When the Treaty of Rome was signed in 1957, its main focus was on creating a single market where free movement of goods, persons, services and capital could be ensured. It therefore regarded labour above all as a factor of production in respect of which the principle of free movement was to apply. The Treaty did contain a Title on Social Policy but its content was derisory. Subsequent Treaty amendments and the emergence of a body of secondary legislation helped to adjust this perspective on labour issues and developed what the Commission describes as the European Social Model.

However, that very social model is now under threat. The threat stems from a variety of sources: concerns about the rigidity of labour law has led to pressure for greater flexibility, the eurozone crisis has led to major reform of a number of national systems of labour law, and, for the purposes of this paper, the decisions of the Court of Justice in Viking and Laval. Against the backcloth of the eurozone crisis, the Court’s unwillingness to engage in a genuine balancing between the economic and social dimension of the EU, meant that these cases became totemic for the trade union movement of all that was bad about the EU. The Monti II proposal was intended to help address some of these problems; it was roundly rejected by the national legislatures and received the first yellow card under the new Lisbon procedure. The aim of this paper is to consider the various ways of addressing the problems generated by the decisions in Viking and Laval in the light of the Monti II proposal.

Sara Kendall & Sarah Nouwen: Representational Practices at the International Criminal Court: The Gap between Juridified and Abstract Victimhood (24/2013)

In the context of a special issue on ‘practices’ at the International Criminal Court, this article focuses on the practice of representation, and in particular on the practice of representing victims. As political and social theorists such as Pitkin and Bourdieu have argued with respect to politics, representation does not merely reflect reality, it is constitutive of it. In the ICC, two practices of victim representation have been prevalent. The first is the rather novel and widely welcomed practice of representing victims as participants in ICC proceedings. The second is the older practice of the discursive invocation of victims as the telos of international criminal law. But these two practices lead in different directions. Victim participation in court proceedings has led to the juridification of victimhood — the legal categorisation of victims — and as a result of this juridification, very few individuals are actually personally represented in the Court’s proceedings. The discursive invocation of victims as the telos of the Court’s work has created a deity-like and seemingly sovereign entity — ‘The Victims’ — that transcends all actual victims and corresponds to no individual victim in their particularity. The result of the two practices is an increasing gap between the limited role that victims play in international criminal proceedings due to the juridification of victimhood and the continued presentation of ‘The Victims’ as the raison d’être of international criminal law. The overdetermined presence of the figure of ‘The Victims’ as a rhetorical construct obscures the representative challenges faced by conflict-affected individuals in accessing the form of justice that is practiced in their (abstract) name.

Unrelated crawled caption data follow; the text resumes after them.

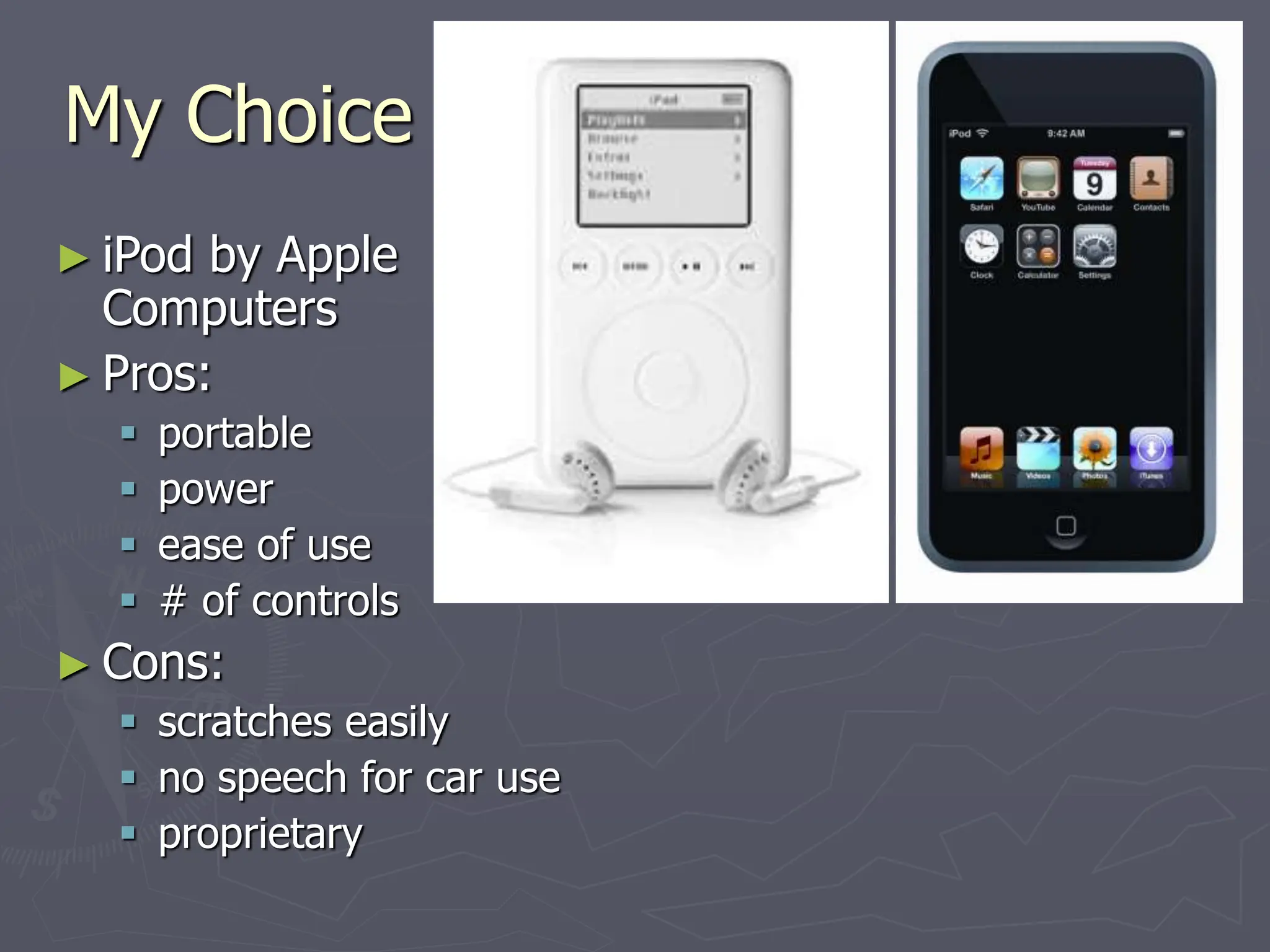 My Choice
► iPod by Apple
Computers
► Pros:
 portable
 power
 ease of use
 # of controls
► Cons:
 scratches easily
 no speech for car use
 proprietary
 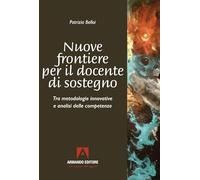 Nuove frontiere per il docente di sostegno. Tra metodologie innovative e analisi delle competenze (Art in counseling)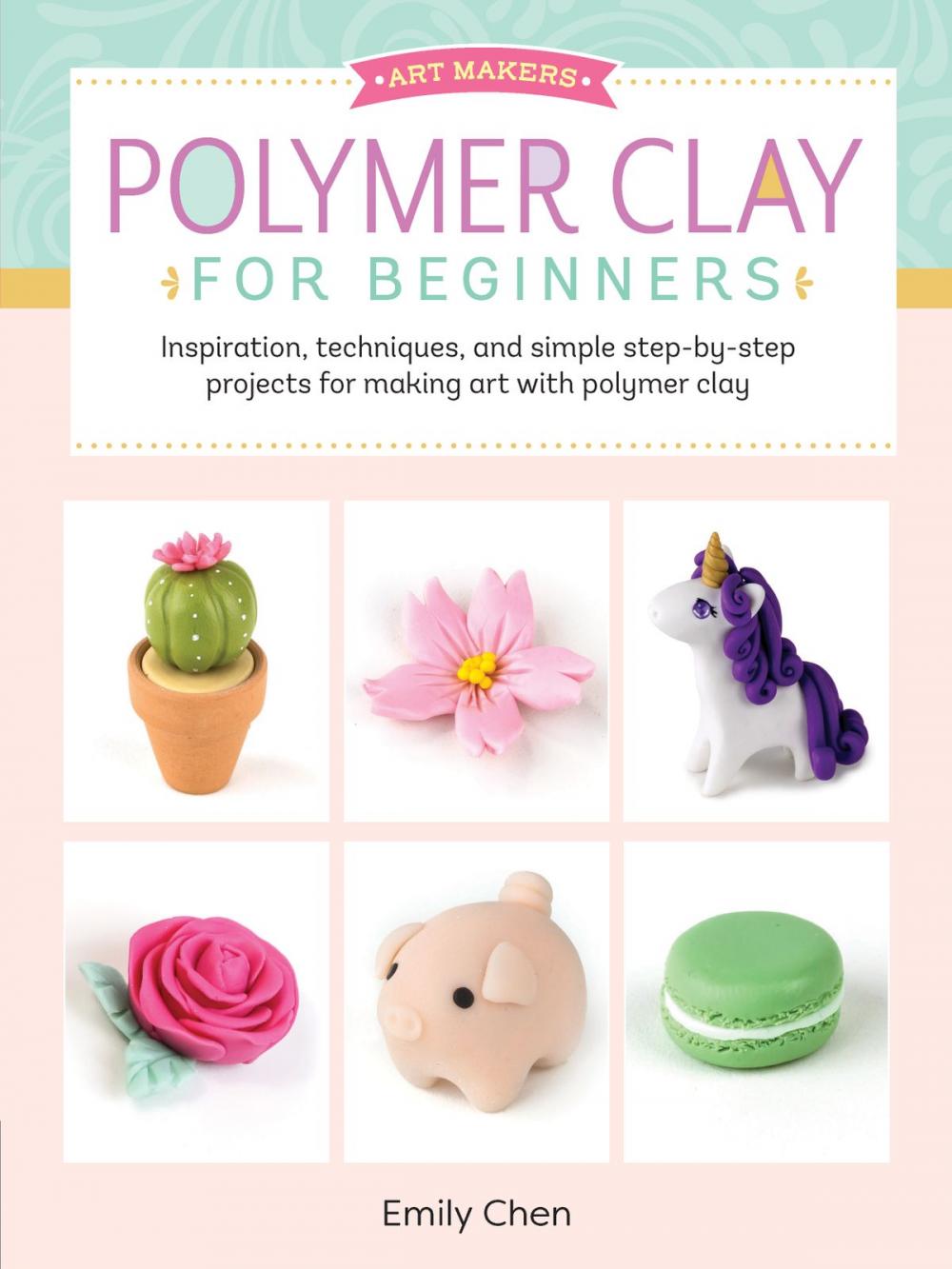 Big bigCover of Art Makers: Polymer Clay for Beginners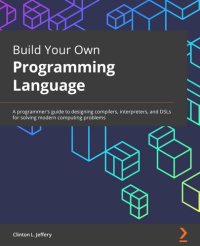 cover of the book Build Your Own Programming Language: A programmer's guide to designing compilers, interpreters, and DSLs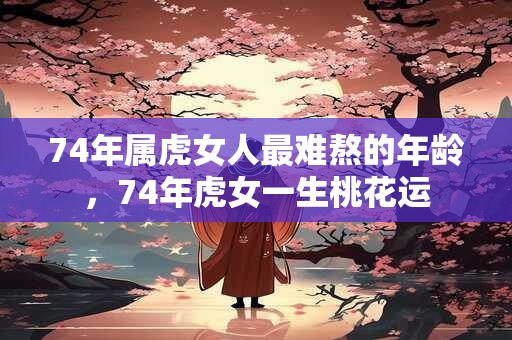 74年属虎女人最难熬的年龄，74年虎女一生桃花运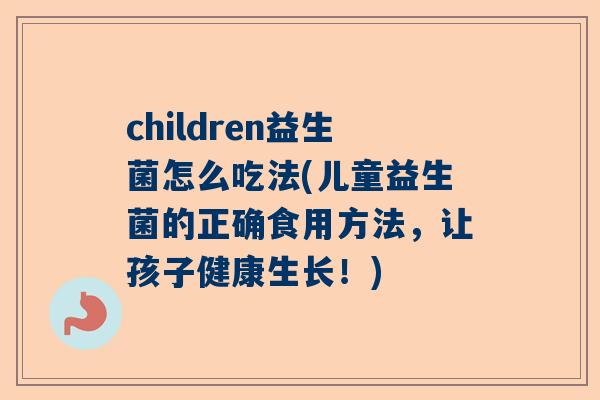 children益生菌怎么吃法(儿童益生菌的正确食用方法，让孩子健康生长！)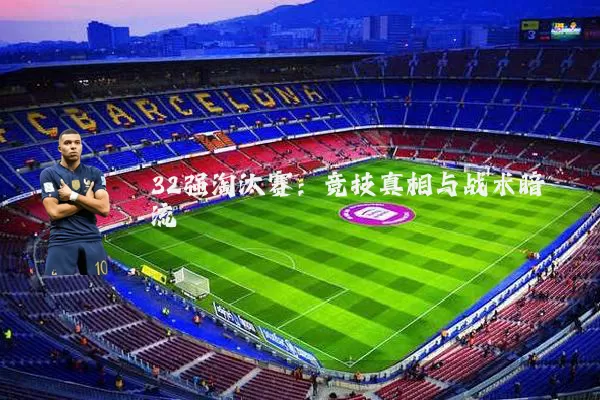 32强淘汰赛：竞技真相与战术暗流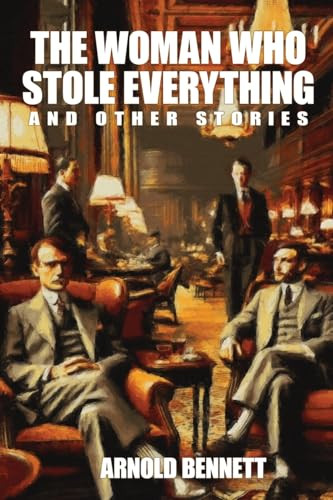 The Woman Who Stole Everything and Other Stories, by Arnold Bennett (Paperback)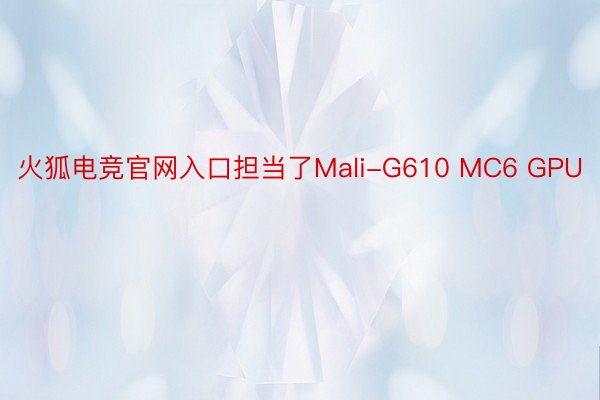 火狐电竞官网入口担当了Mali-G610 MC6 GPU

Brian Sloan: The Concept of Coupledom in Succession Law (30/2013)

This paper compares the eligibility of informal cohabitants to bring claims against estates under the English Inheritance (Provision for Family and Dependents) Act 1975 and the Irish Civil Partnership and Certain Rights and Obligations of Cohabitants Act 2010. It argues that in spite of different methodologies, the two Acts cover a similar range of relationships. It also contends that both English and Irish Law nevertheless adopt an unduly narrow approach to eligibility as compared to the law in New South Wales inter alia, particularly in the light of some of the special features surrounding succession law.